[v5] eal: add cache-line demote support

Message ID 1601512112-12577-2-git-send-email-omkar.maslekar@intel.com (mailing list archive)
State Superseded, archived
Delegated to: David Marchand
Headers
Series [v5] eal: add cache-line demote support |

Checks

Context Check Description
ci/checkpatch success coding style OK
ci/Intel-compilation fail apply issues
ci/iol-broadcom-Functional success Functional Testing PASS
ci/iol-intel-Functional success Functional Testing PASS
ci/iol-testing success Testing PASS

Commit Message

Omkar Maslekar Oct. 1, 2020, 12:28 a.m.
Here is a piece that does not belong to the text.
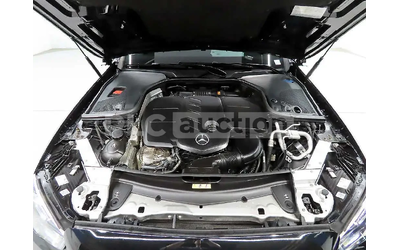mercedes-benz-e-220 - 4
UTC
  rte_cldemote is similar to a prefetch hint - in reverse. cldemote(addr)
enables software to hint to hardware that line is likely to be shared.
Useful in core-to-core communications where cache-line is likely to be
shared. ARM and PPC implementation is provided with NOP and can be added
if any equivalent instructions could be used for implementation on those
architectures.

Signed-off-by: Omkar Maslekar <omkar.maslekar@intel.com>
Acked-by: Bruce Richardson <bruce.richardson@intel.com>

---
v5: documentation updated
    fixed formatting issue in release notes
    added Acked-by: Bruce Richardson <bruce.richardson@intel.com>
*
v4: updated bold text for title and fixed margin in release notes
*
v3: fixed warning regarding whitespace
*
v2: documentation updated
---
---
 doc/guides/rel_notes/release_20_11.rst        |  7 +++++++
 lib/librte_eal/arm/include/rte_prefetch_32.h  |  5 +++++
 lib/librte_eal/arm/include/rte_prefetch_64.h  |  5 +++++
 lib/librte_eal/include/generic/rte_prefetch.h | 14 ++++++++++++++
 lib/librte_eal/ppc/include/rte_prefetch.h     |  5 +++++
 lib/librte_eal/x86/include/rte_prefetch.h     |  9 +++++++++
 6 files changed, 45 insertions(+)
  

Comments

David Marchand Oct. 8, 2020, 7:09 a.m. UTC | #1
On Thu, Oct 1, 2020 at 2:30 AM Omkar Maslekar <omkar.maslekar@intel.com> wrote:
>
> rte_cldemote is similar to a prefetch hint - in reverse. cldemote(addr)
> enables software to hint to hardware that line is likely to be shared.
> Useful in core-to-core communications where cache-line is likely to be
> shared. ARM and PPC implementation is provided with NOP and can be added
> if any equivalent instructions could be used for implementation on those
> architectures.
>
> Signed-off-by: Omkar Maslekar <omkar.maslekar@intel.com>
> Acked-by: Bruce Richardson <bruce.richardson@intel.com>

I find this "rte_cldemote" name too close to the Intel instruction,
but I can see no complaint from other arch maintainers, so I guess
everyone is happy with it.
In any case, this is a new API, so it should be marked experimental.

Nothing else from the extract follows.